TASK STATEMENT. Across all the records, filter for lines with the word "closure" and copy them.

INFORMATION PROVIDED.
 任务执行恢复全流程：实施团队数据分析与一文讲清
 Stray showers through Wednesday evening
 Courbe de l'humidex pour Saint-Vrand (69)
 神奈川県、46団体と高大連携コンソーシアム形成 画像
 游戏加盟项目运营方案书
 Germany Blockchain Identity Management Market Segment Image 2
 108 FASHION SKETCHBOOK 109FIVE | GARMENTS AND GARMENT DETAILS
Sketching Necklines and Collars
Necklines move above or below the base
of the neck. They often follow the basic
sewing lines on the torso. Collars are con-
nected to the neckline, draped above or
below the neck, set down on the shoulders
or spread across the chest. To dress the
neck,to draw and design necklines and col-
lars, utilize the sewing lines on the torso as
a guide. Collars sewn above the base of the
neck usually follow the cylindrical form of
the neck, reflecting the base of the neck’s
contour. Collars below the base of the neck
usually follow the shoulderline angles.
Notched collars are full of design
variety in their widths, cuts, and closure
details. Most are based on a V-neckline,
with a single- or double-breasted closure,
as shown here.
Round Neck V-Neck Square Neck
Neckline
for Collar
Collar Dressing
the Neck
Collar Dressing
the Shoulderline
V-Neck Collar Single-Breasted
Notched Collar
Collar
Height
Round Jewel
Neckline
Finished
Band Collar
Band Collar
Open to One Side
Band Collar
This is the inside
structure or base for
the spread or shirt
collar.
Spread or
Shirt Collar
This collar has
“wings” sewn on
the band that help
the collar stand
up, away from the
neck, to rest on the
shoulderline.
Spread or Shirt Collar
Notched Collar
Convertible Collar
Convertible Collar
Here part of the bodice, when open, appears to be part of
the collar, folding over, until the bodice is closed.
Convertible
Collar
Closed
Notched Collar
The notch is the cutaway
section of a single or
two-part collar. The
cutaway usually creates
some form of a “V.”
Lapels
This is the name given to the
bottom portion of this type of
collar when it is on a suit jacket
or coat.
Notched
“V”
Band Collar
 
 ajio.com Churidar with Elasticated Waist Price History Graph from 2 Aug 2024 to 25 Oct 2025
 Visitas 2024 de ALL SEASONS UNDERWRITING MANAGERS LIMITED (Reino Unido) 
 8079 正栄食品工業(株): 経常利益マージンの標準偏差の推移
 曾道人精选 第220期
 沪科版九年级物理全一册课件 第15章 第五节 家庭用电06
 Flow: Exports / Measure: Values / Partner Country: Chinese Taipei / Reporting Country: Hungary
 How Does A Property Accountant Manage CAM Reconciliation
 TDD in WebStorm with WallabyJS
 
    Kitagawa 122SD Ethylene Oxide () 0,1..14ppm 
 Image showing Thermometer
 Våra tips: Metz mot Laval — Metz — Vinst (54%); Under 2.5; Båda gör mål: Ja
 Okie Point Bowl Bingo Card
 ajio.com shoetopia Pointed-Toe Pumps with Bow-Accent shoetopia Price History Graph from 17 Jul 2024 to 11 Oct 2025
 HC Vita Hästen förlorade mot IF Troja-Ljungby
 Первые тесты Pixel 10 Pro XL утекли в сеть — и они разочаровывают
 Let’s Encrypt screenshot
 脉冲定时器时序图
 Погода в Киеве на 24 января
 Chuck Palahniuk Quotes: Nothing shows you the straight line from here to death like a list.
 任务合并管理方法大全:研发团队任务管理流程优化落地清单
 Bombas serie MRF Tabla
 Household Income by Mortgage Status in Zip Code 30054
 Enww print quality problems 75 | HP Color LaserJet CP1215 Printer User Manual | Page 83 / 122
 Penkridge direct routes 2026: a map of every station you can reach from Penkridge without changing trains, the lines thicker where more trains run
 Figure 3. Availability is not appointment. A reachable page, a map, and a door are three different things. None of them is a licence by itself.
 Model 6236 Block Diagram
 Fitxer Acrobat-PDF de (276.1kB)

RESPONSE TO THE TASK.
variety in their widths, cuts, and closure
with a single- or double-breasted closure,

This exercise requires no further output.